■ **Your instructions**: What is needed is an exact copy of the lines in the listing below, from the one with "New Vintage Mens" up to and including the one with "Fauteuil de massage", with no other lines.

___ Material for this task ___

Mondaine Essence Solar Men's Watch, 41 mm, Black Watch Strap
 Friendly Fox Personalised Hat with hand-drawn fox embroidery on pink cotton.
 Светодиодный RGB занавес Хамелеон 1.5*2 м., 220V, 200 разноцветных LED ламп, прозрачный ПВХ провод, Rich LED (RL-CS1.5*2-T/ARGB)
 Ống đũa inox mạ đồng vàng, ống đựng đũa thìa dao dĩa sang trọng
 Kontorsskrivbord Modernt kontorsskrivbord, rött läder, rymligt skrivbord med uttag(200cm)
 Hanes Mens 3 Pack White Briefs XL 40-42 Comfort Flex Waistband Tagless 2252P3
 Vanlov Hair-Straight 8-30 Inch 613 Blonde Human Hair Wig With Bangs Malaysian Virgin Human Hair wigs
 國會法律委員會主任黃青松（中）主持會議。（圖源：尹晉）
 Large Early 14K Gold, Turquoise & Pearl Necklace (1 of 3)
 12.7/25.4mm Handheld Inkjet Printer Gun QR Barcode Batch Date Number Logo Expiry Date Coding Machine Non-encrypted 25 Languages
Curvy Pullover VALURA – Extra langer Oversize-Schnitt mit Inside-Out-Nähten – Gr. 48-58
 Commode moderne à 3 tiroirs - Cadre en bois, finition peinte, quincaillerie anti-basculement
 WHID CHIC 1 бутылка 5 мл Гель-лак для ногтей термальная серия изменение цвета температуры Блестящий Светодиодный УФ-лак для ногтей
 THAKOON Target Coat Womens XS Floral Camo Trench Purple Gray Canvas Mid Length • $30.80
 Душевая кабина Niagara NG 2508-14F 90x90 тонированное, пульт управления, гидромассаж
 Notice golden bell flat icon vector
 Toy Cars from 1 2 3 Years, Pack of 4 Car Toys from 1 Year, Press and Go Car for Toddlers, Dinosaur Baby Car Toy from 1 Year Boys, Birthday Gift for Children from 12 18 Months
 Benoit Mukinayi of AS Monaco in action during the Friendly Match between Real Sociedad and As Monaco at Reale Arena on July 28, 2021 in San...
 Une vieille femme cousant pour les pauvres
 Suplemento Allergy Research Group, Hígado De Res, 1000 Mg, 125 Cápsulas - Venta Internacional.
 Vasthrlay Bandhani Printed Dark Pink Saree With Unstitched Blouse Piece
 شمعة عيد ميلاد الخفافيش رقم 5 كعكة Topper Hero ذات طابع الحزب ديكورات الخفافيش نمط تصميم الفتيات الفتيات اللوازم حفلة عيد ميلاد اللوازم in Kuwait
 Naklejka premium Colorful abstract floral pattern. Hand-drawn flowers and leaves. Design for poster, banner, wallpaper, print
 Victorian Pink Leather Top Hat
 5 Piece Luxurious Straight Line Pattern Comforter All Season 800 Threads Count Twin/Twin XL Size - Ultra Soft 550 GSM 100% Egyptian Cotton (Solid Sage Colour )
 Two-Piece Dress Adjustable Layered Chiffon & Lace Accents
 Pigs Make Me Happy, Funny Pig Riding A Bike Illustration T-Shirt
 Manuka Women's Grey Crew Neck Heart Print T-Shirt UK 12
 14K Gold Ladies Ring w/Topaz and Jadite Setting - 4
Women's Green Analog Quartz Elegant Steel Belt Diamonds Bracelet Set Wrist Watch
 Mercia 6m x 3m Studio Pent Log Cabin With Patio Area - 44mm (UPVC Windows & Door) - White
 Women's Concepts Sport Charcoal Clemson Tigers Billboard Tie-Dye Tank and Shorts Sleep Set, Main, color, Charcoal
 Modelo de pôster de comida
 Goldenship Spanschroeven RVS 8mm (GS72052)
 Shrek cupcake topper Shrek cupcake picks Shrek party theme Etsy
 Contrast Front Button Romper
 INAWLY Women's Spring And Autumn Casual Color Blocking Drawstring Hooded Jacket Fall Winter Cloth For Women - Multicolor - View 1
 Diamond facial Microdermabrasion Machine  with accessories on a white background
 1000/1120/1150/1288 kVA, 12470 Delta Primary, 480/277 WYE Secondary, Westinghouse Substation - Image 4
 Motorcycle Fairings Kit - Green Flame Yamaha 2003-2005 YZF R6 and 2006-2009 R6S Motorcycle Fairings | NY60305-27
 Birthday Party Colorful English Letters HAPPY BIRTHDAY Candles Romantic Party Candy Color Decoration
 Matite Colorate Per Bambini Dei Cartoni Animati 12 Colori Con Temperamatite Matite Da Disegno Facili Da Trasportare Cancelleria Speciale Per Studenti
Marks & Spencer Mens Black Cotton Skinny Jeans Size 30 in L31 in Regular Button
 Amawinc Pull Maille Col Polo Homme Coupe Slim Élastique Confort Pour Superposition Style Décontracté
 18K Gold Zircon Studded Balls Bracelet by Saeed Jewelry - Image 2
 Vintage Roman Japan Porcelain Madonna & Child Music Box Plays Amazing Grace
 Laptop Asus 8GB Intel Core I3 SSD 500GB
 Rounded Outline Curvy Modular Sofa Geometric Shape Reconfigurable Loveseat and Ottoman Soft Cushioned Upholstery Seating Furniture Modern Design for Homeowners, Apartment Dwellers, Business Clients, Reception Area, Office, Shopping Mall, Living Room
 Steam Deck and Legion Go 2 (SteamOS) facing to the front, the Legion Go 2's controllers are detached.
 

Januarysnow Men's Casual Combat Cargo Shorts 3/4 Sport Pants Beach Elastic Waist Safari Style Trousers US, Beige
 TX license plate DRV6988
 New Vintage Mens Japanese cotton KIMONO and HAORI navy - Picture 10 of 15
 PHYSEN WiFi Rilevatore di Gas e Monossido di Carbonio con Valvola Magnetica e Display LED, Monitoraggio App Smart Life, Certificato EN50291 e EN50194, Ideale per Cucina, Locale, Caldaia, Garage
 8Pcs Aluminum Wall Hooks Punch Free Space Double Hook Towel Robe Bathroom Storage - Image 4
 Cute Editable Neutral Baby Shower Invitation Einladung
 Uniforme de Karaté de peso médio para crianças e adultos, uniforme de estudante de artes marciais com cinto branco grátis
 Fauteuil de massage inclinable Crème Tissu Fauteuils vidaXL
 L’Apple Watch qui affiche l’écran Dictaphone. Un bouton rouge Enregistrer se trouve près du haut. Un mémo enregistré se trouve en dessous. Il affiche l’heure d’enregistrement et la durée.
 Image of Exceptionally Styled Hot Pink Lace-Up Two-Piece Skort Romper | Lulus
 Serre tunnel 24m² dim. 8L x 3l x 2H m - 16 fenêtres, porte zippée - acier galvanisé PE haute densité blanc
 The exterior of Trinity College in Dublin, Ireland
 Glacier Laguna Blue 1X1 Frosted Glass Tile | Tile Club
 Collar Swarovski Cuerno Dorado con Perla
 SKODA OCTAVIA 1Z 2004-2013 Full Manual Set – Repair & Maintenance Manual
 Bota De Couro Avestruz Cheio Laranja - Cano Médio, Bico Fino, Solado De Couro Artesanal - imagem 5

___

■ **Solution to this problem**:
 New Vintage Mens Japanese cotton KIMONO and HAORI navy - Picture 10 of 15
 PHYSEN WiFi Rilevatore di Gas e Monossido di Carbonio con Valvola Magnetica e Display LED, Monitoraggio App Smart Life, Certificato EN50291 e EN50194, Ideale per Cucina, Locale, Caldaia, Garage
 8Pcs Aluminum Wall Hooks Punch Free Space Double Hook Towel Robe Bathroom Storage - Image 4
 Cute Editable Neutral Baby Shower Invitation Einladung
 Uniforme de Karaté de peso médio para crianças e adultos, uniforme de estudante de artes marciais com cinto branco grátis
 Fauteuil de massage inclinable Crème Tissu Fauteuils vidaXL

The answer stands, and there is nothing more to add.